The dissent, judging Family Court’s "view of what transpired to be utterly fantastic”, takes exception to the factual findings made at the Mapp hearing. As we have previously noted, " 'where different inferences may be drawn from the proof, the choice of inferences rests with the trier of fact and should not be rejected by an appellate court unless unsupported as a matter of law’ ” (Matter of Robert S., 159 AD2d 358, 359, appeal dismissed 76 NY2d 770, quoting People v Hartley, 103 AD2d 935, affd 65 NY2d 703). What’s more, the circumstances surrounding the child’s imminent departure, late on a Tuesday afternoon, on a bus bound for Virginia, admit of only two possible inferences. First, the child might spend some time in Virginia—in which case she would not be back in New York in time to attend class at the beginning of the school day on the following morning—raising a question of truancy. Second, she might make the return trip from Norfolk to New York City in the dead of night, to arrive in time for the start of classes—in which case the officer’s concern about the purpose of her journey would hardly be allayed. We cannot understand the dissent’s suggestion that a police officer may approach a minor to protect the child from the consequences of truancy but may not so inquire if, in addition, circumstances suggest that the child may be employed in the interstate transportation of dangerous narcotics as a courier or "mule”. This suggestion takes an artificially narrow view of the role of State authorities to act in loco parentis for the protection of the welfare of minors.

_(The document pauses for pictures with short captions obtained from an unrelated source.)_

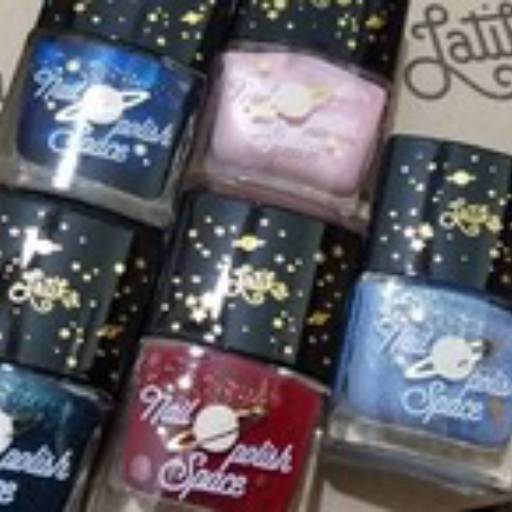 Coleção Latika Space por 3DMAQ - Produtos para Unhas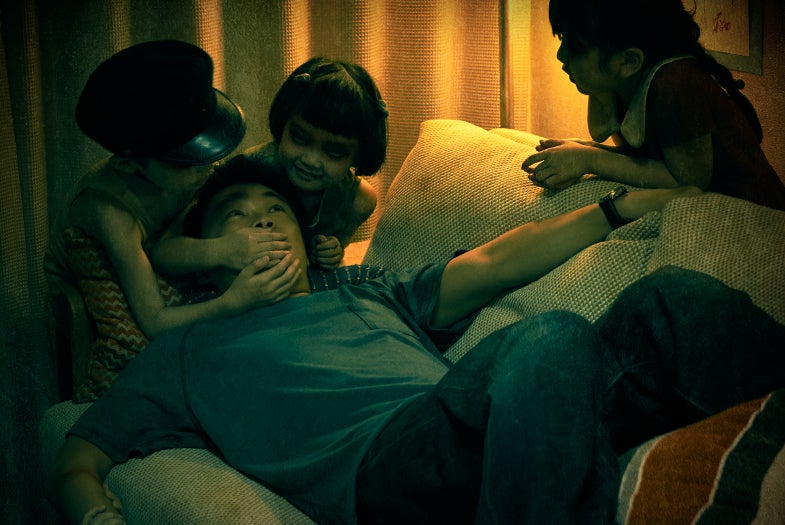 映画「こどもつかい」場面カット（C）2017「こどもつかい」製作委員会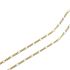 Foto de 04-003201-45 - CADENA 3X1 1MMX45CM (1,72gr) 18K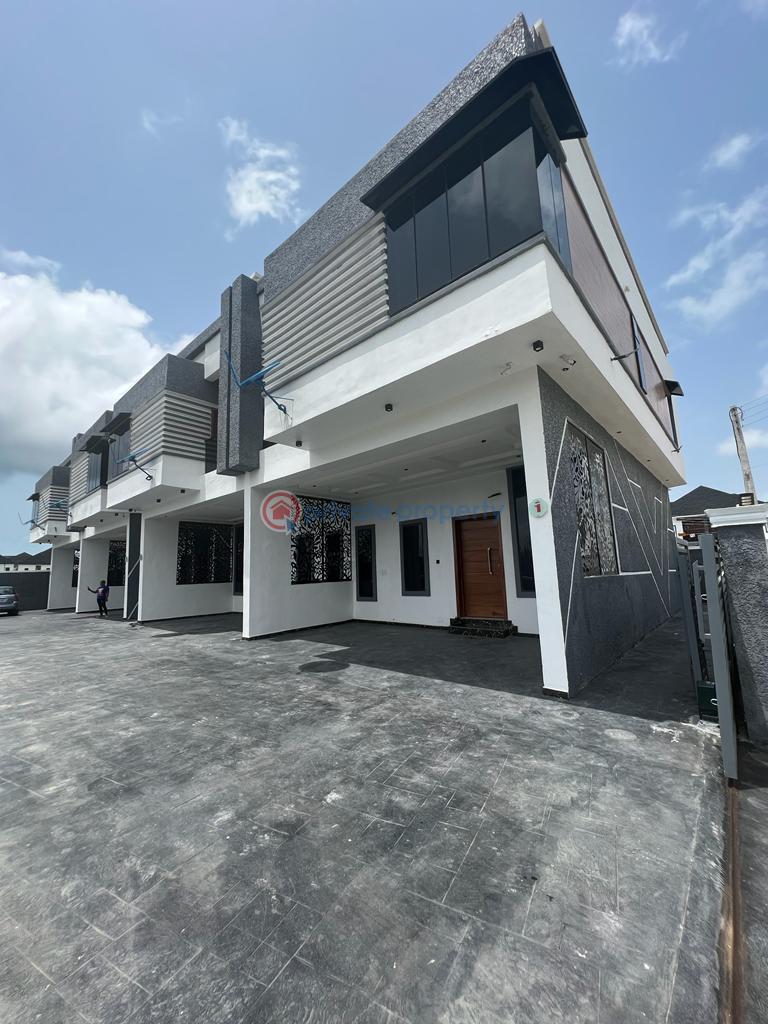 4 bedroom Semi detached Duplex For Sale Villa Estate Ikota Lekki Lagos - 1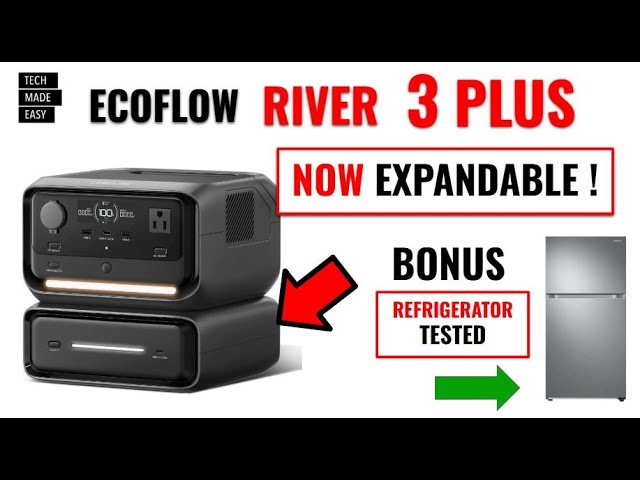 🔥 DETAILED REVIEW EcoFlow River 3 Plus Including EcoFlow River 3 Plus Expansion Battery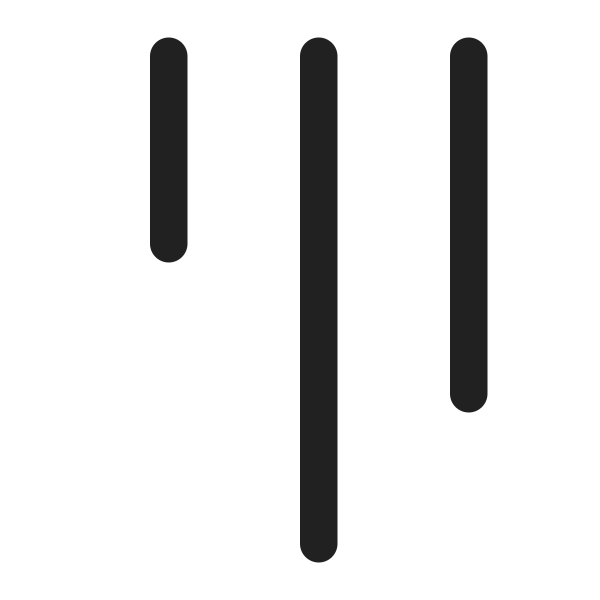 Ic Fluent Text Align Left Rotate 90 16 Regular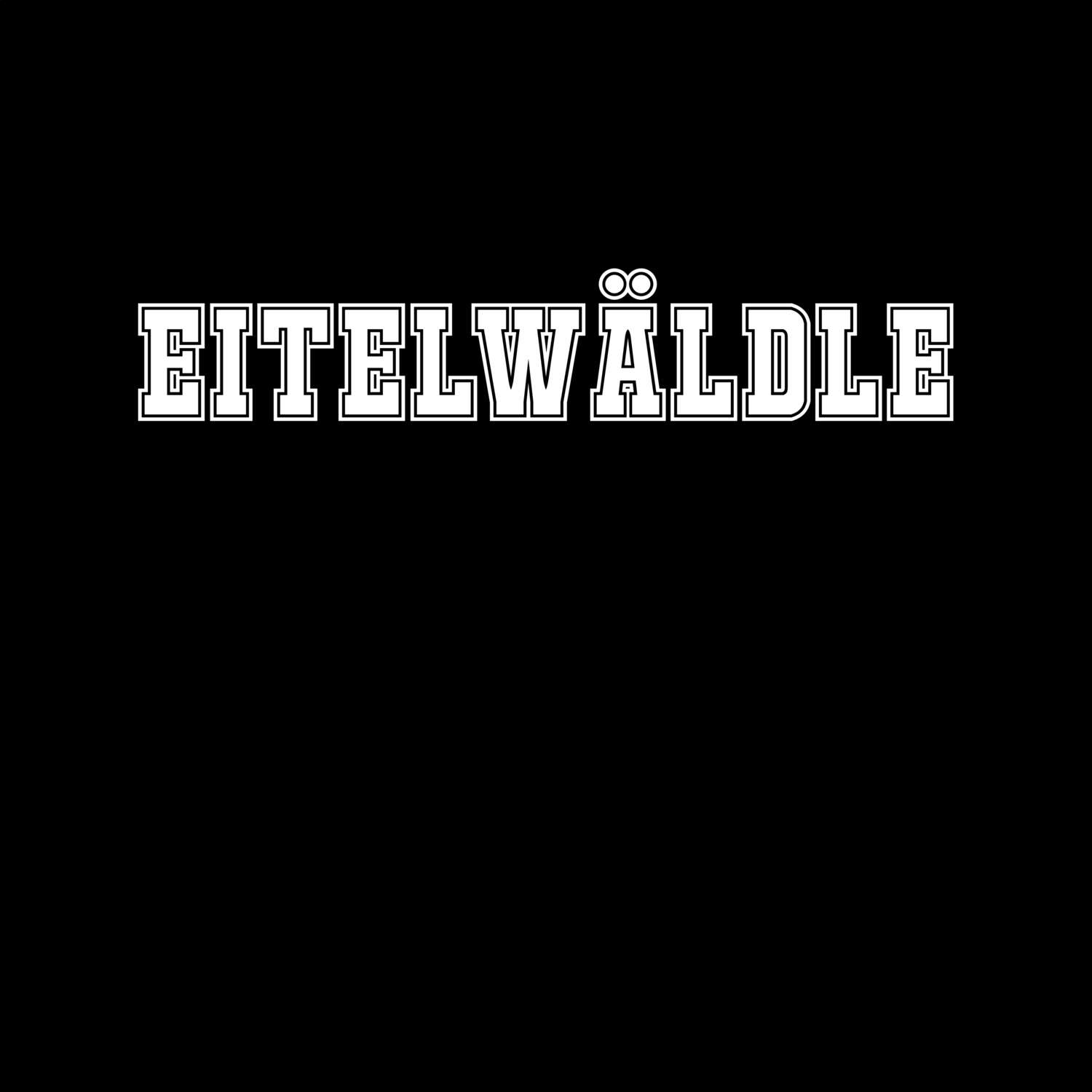 Eitelwäldle T-Shirt »Classic«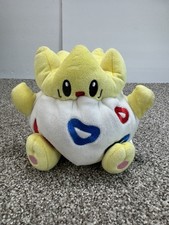 2018 Pokemon Center Japan Togepi Plush 6" Anime Doll Stuffed Animal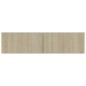vidaXL TV-Schrank Sonoma-Eiche 120x30x30 cm Holzwerkstoff vidaXL TV-Schrank Sonoma-Eiche 120x30x30 cm Holzwerkstoff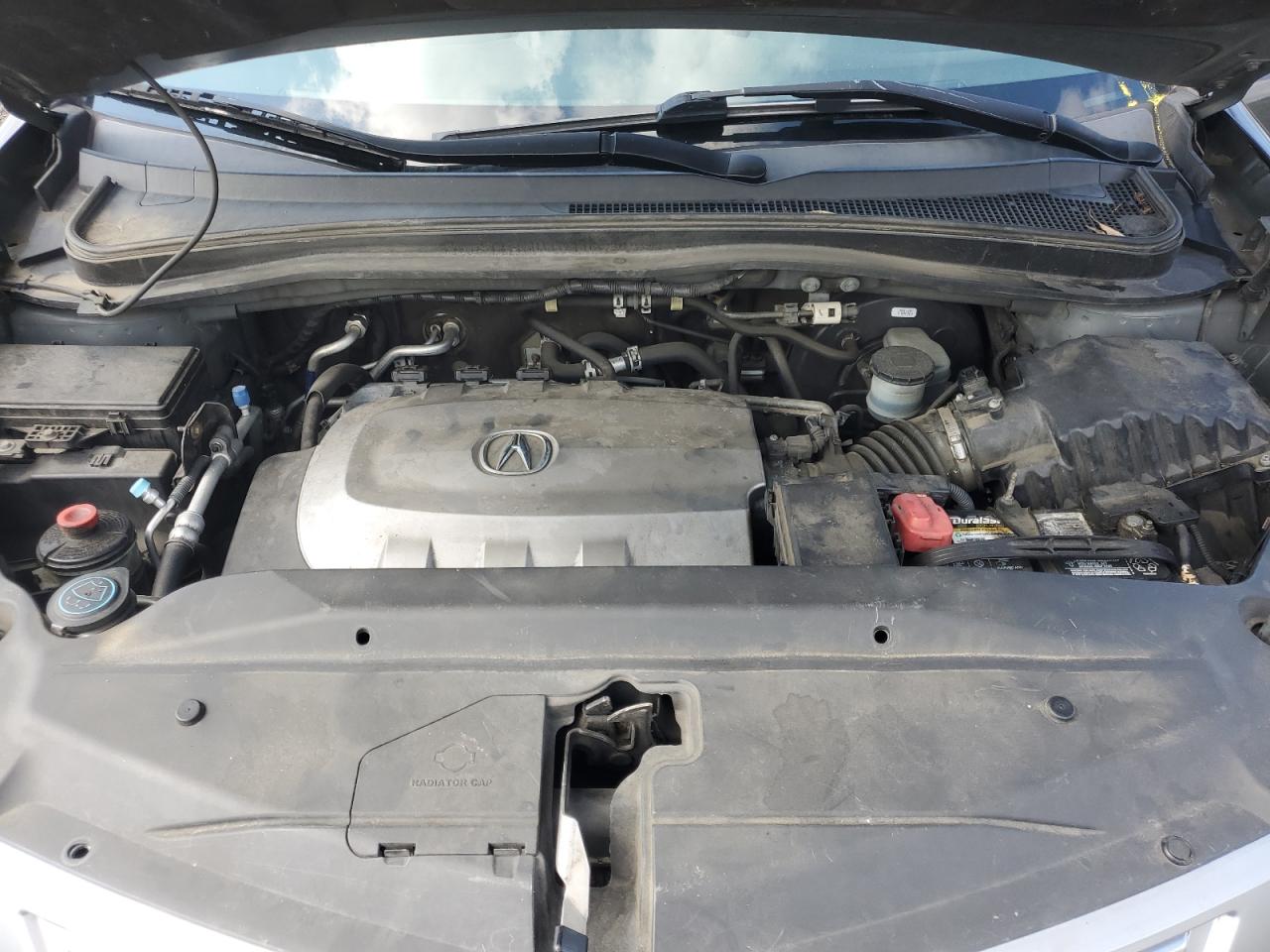 2011 Acura Mdx Technology VIN: 2HNYD2H61BH550733 Lot: 64480745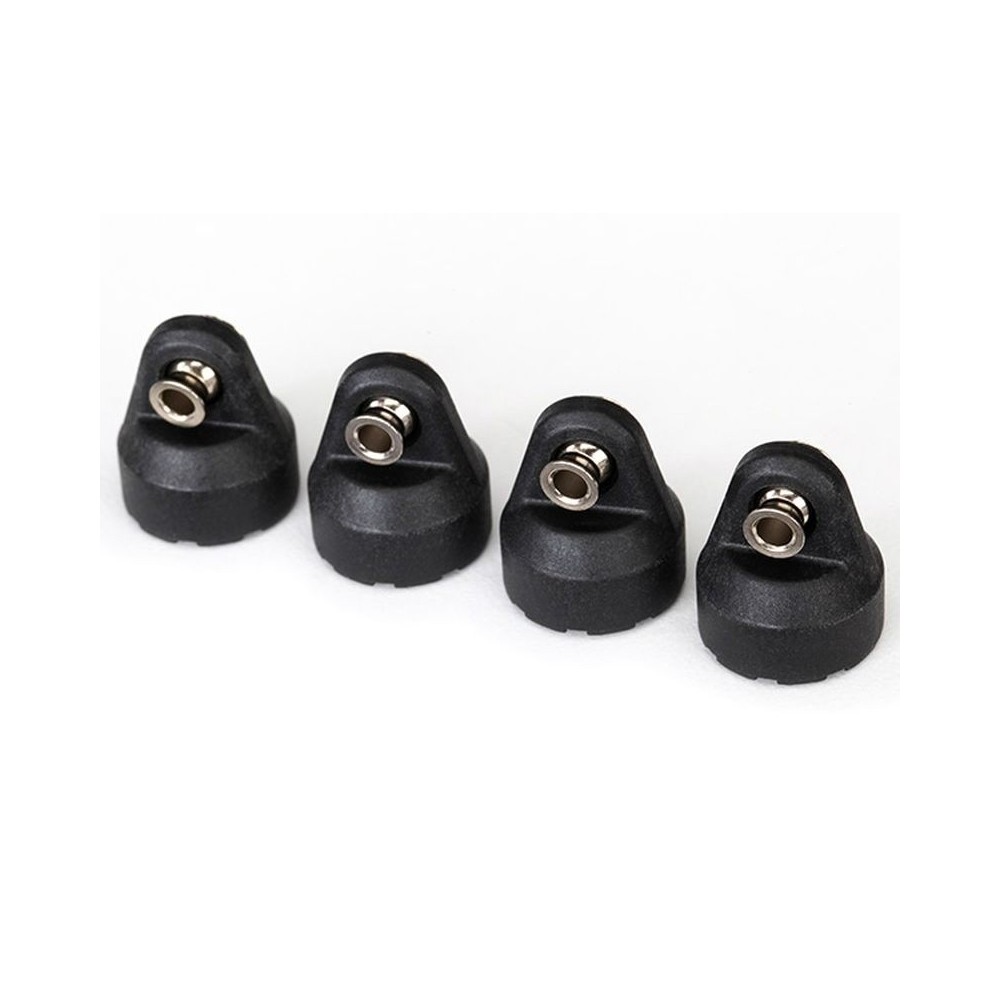 Traxxas Shock caps (black) (4) assembled with hollow balls TRX8361 Traxxas Shock caps (black) (4) assembled with hollow balls TRX8361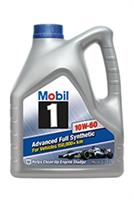 Sintētiskā motoreļļa Mobil 1 10W-60, 4l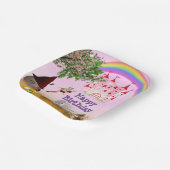 Whimsical Fairy Party Papieren Borden Bordje (Gebogen)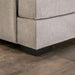 GUNNERSBURY Sectional, Gray - Imperial Furniture (Las Vegas, NV) - Multi Location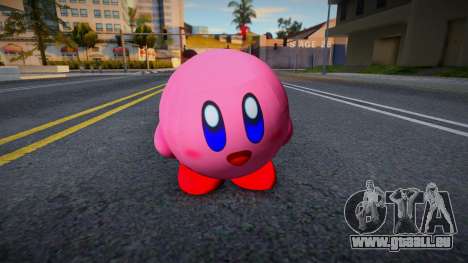 Kirby (Kirby Star Allices) für GTA San Andreas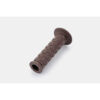 PAIRE DE POIGNEE GRIPPY GRIP NINJA MARRON 22MM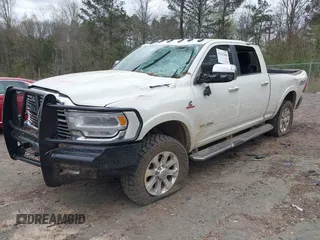 2022 Ram 2500 Laramie with VIN 3C6UR5FL3NG310109, listed as a IAAI auction lot 41832988 with 88,817 mi miles. Bid and sale history available at carsss.com. Image 17.
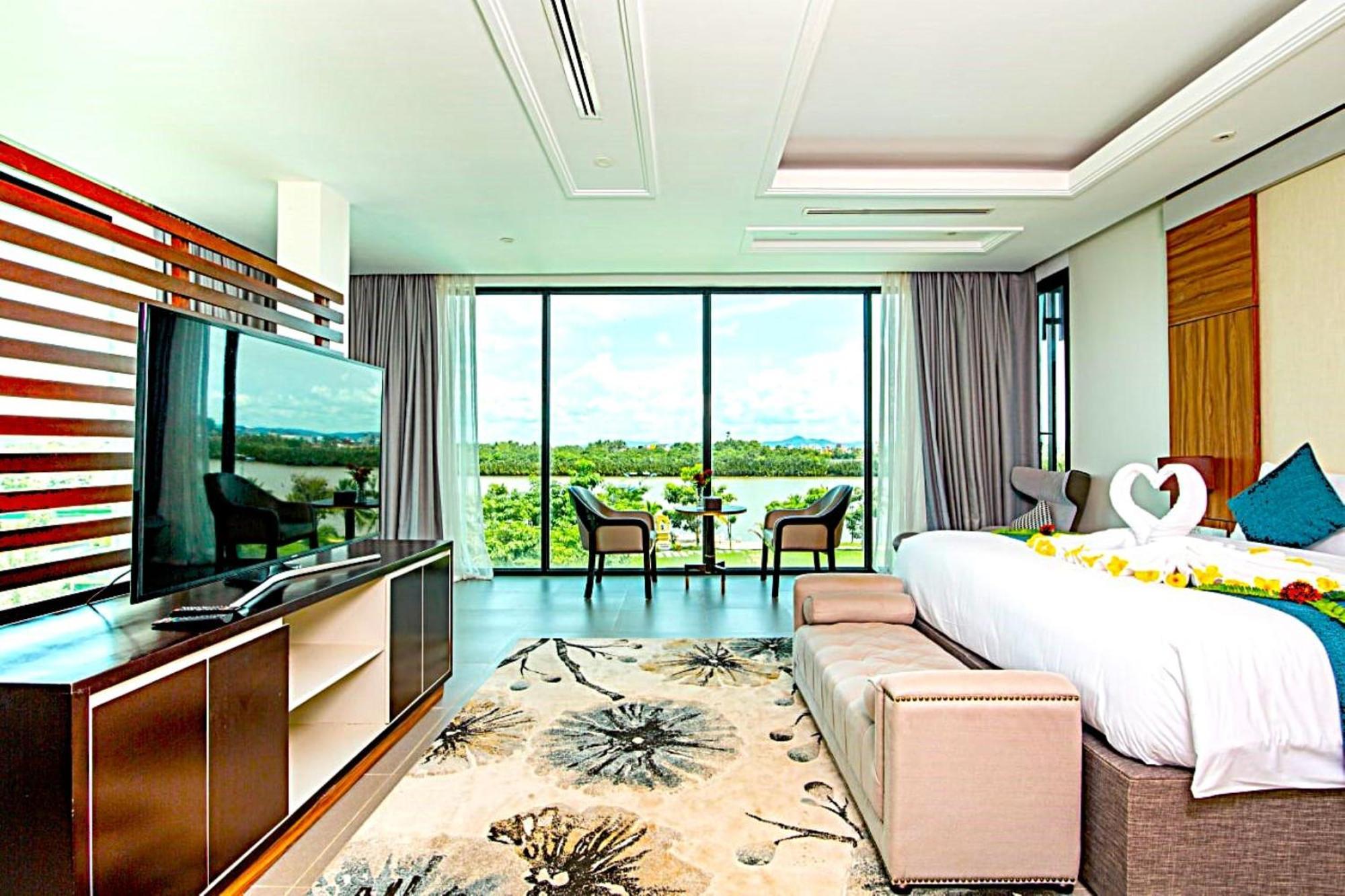 Castle Bayview Resort & Spa Kampot Kültér fotó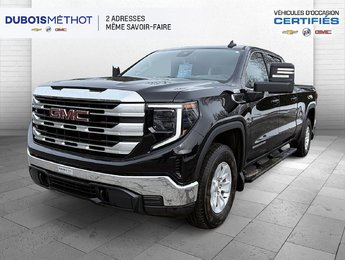 2023 GMC Sierra 1500 SLE, 4 CYL 2.7L TURBO 4X4 CREW !!!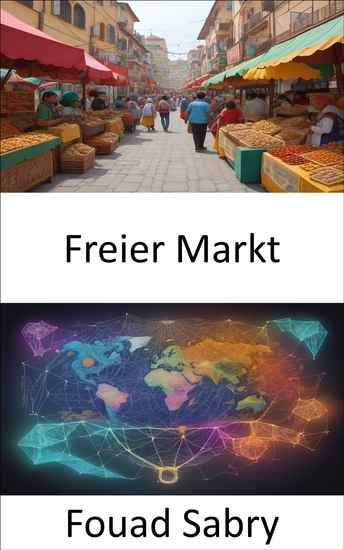 Freier Markt - Der Weg zum Wohlstand die Geheimnisse des freien Marktes lüften - cover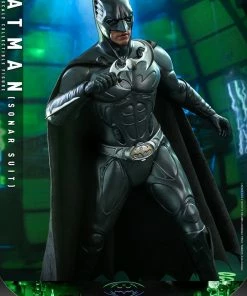 Batman (Sonar Suit) Sixth Scale Figure By Hot Toys Movie Masterpiece Series - Batman Forever 25 Batman (Sonar Suit) Sixth Scale Figure By Hot Toys Movie Masterpiece Series - Batman Forever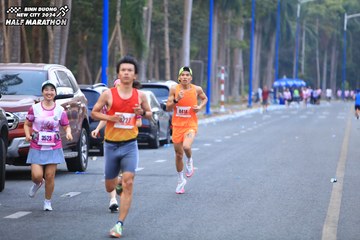 BINH DUONG NEW CITY HALF MARATHON 2024 - Ảnh #1755511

Family Court’s characterization of appellant’s questioning by Detective Garry as noncustodial was entirely correct. However, under the circumstances presented by this case, custodial detention and a search conducted incident thereto would have been justified pursuant to the provisions of section 718 of the Family Court Act in furtherance of its stated purpose of returning runaway children to their parents or others responsible for their care.
Accordingly, the final order of the Family Court, New York County (Judith Sheindlin, J.), entered June 25, 1990, which adjudicated appellant a juvenile delinquent and placed her with the New York State Division for Youth, Title III, for a *122period of 18 months after finding that she committed acts which, if committed by an adult, would constitute the crime of criminal possession of a controlled substance in the first degree, should be affirmed, without costs.